(Collected data)
>>>

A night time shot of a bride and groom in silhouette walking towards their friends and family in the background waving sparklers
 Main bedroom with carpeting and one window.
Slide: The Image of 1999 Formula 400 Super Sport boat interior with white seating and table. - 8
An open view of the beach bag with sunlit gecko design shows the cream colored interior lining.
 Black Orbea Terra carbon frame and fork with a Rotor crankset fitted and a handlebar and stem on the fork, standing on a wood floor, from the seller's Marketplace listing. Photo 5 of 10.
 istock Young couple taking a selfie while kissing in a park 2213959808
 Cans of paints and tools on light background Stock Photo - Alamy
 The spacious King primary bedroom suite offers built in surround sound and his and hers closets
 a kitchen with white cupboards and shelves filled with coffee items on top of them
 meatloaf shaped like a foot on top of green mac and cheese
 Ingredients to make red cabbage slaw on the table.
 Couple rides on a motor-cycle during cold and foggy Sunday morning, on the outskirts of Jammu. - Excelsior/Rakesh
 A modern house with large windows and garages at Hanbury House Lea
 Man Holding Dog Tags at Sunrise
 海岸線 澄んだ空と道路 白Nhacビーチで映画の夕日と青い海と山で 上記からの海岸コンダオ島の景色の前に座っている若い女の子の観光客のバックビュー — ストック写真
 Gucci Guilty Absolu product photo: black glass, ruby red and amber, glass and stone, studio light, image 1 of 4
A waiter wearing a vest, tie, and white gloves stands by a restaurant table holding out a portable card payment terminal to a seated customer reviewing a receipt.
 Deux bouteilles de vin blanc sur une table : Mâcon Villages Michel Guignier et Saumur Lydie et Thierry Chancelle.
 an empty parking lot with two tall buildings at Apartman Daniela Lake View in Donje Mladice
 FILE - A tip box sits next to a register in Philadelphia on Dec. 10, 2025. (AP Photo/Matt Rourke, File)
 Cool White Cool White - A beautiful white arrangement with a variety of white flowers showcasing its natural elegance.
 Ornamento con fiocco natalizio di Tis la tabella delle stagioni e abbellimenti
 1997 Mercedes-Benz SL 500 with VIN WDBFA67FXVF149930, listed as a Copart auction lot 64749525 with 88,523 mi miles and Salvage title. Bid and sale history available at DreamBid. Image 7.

<<<

§ **YOUR GOAL**
Please return the lines above that run from the line containing "Slide: The Image" to the line containing "An open view", inclusive, exactly and with no other lines.

§ **RESPONSE**
Slide: The Image of 1999 Formula 400 Super Sport boat interior with white seating and table. - 8
An open view of the beach bag with sunlit gecko design shows the cream colored interior lining.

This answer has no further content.